As a planar two-dimensional metamaterial, metasurfaces are composed of subwavelength scale nanostructural units, which are ultra-thin, easy to manufacture and easy to integrate. Metasurfaces have been changing, essentially, the fundamentals and techniques of light field manipulations owing to their ability to control the amplitude, phase and polarization of the field simultaneously. At present, various metallic and dielectric metasurfaces have been designed to implement multifunctional planar optical devices, such as metalens [14,15], vortex beam converter [16] and polarization conversion devices [17,18]. Some subtle metasurfaces have been proposed to construct nanoscale topological light fields [19,20], and a metasurface that consists of rectangular gold nanorods was proposed to realize holographic reconstruction of vortex knots and links [21,22]. Guo et al. proposed and experimentally demonstrated a full-dielectric metasurface that can construct vortex knots and links at the nanoscale. The two different topological configurations can be switched by changing the polarization state of the incident light [23]. The ability of metasurfaces to change the polarization of incident light has significant advantages in constructing polarization-switchable topological configuration.
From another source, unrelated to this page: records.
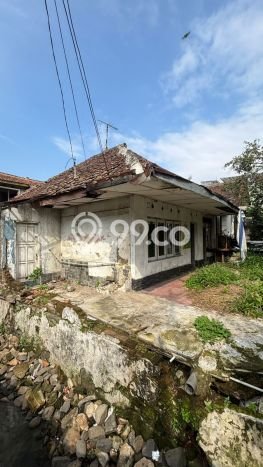 Rumah Mewah LB 185m2 Siap Pakai Desain Elegan di Asia Afrika, Bandung Rumah Mewah LB 185m2 Siap Pakai Desain Elegan di Asia Afrika, Bandung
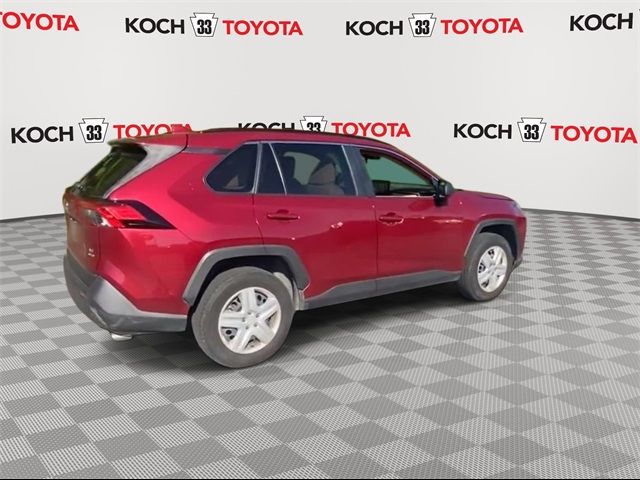 2019 Toyota RAV4 LE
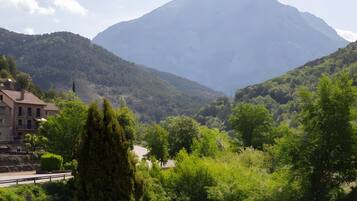 Vue depuis lâhĂ©bergement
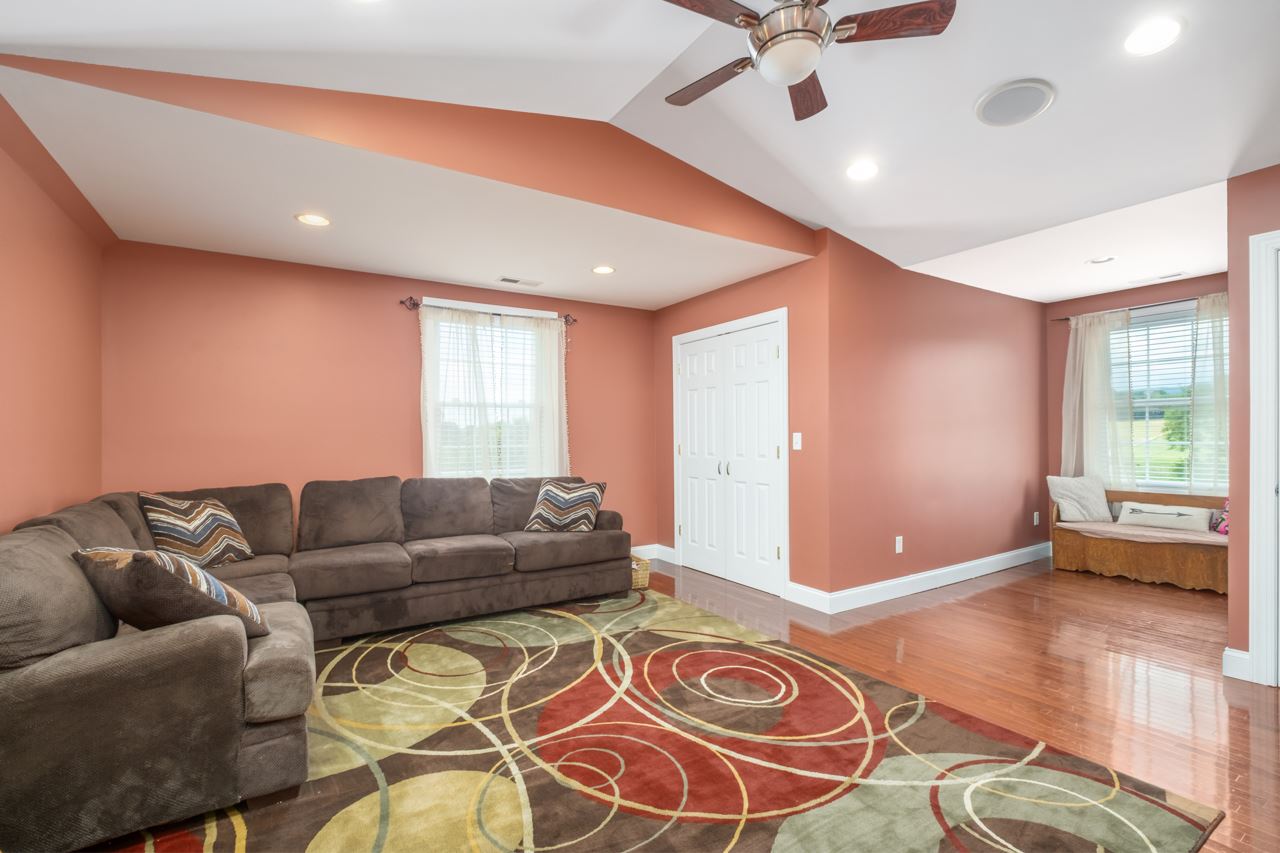 4544 Snapps Creek Road Harrisonburg, VA 22802 - Photo 19 of 50 Gallery Image 19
In recent years, composite metasurfaces have been designed to manipulate multiple light fields independently to generate vector light fields.

In this paper, we designed a spatially multiplexing metasurface to generate focused trefoil and cinquefoil vector fields with arbitrary polarization states. By controlling the geometric phases with the varied orientations of the multiplexing slits in the metasurface, the multiplexed wave fields contained in the output field were independently manipulated. The focused vector fields were produced by superposing two CP beams of opposite helicity with different topological charges. Intuitively, the trefoil vector field was achieved by superposing the vortex beams of right circular polarization (RCP) with topological charge l_A = 1 and left circular polarization (LCP) with l_B = 2, and the cinquefoil vector field by superposing the vortex beams of RCP with l_A = 3 and LCP with l_B = 2. By simply changing signs of the topological charges l_A and l_B, superpositions produce the corresponding trefoil and cinquefoil π-vector fields, respectively. Based on the above principles, spatially multiplexing metasurfaces etched on gold films were designed under linearly polarized (LP) illumination containing equal LCP and RCP light. The metasurfaces were consisted of two sets of periodical nanoslits arranged alternately in the y-direction; the two sets of nanoslits had independent geometric phase distributions, one of the sets had the geometric spiral phase and metalens phase to produce and focus vortex of RCP, and the other set had the geometric spiral phase and metalens phase to produce and focus vortex of LCP. By designing the orientation distributions of the two slit sets in a metasurface based on the desired topological charges l_A and l_B for the multiplexed fields, the trefoil and cinquefoil vector fields were obtained by superposing multiplexed vortex fields with the spatially multiplexing metasurfaces. The results and generation methods are of great significance for exploring novel topological properties of light fields and for broadening the applications of the topological light fields.

2. Materials and Methods

The schematic diagram of the spatially multiplexing of metasurface to generate converged trefoil and cinquefoil vector field is shown in Figure 1a. The metasurface consisted of two sets of nanoslits, i.e., nanoslit set A and set B, which produced two CP vortices |R, l_A> = e^ilAθ’ |R > and |L, l_B> = e^−ilBθ’ |L > with topological charges l_A and l_B, respectively, where |R > = [1 − i]^T and |L > = [1 i]^T were Jones vectors of the RCP and LCP, and θ’ was the azimuth angle. The two sets of nanoslits A and B were arranged alternatively in the y-direction, and for a single set of slits, the spacings of adjacent slits in the x-direction and y-direction were D and 2D, respectively. The combination of the two sets of nanoslits forms the spatially multiplexing metasurface with a slit-to-slit spacing D in both the x-and y-directions. Owing to the fact that the converged vortex beams of RCP (or LCP) can be generated by the set of nanoslits A (or B), under the illumination of LCP (or RCP), the metasurface can independently manipulate the two eigenstates of vortices |R, l_A> and |L, l_B>, under LP incident light which contains LCP and RCP components. Figure 1b shows a magnified view of a single nanoslit, which was designed in an Au film with a thickness of H = 200 nm on glass substrate. The length and width of each nanoslit were 250 nm and 80 nm, respectively. The orientation angle of the longer side of the slit is φ with respect to x-axis.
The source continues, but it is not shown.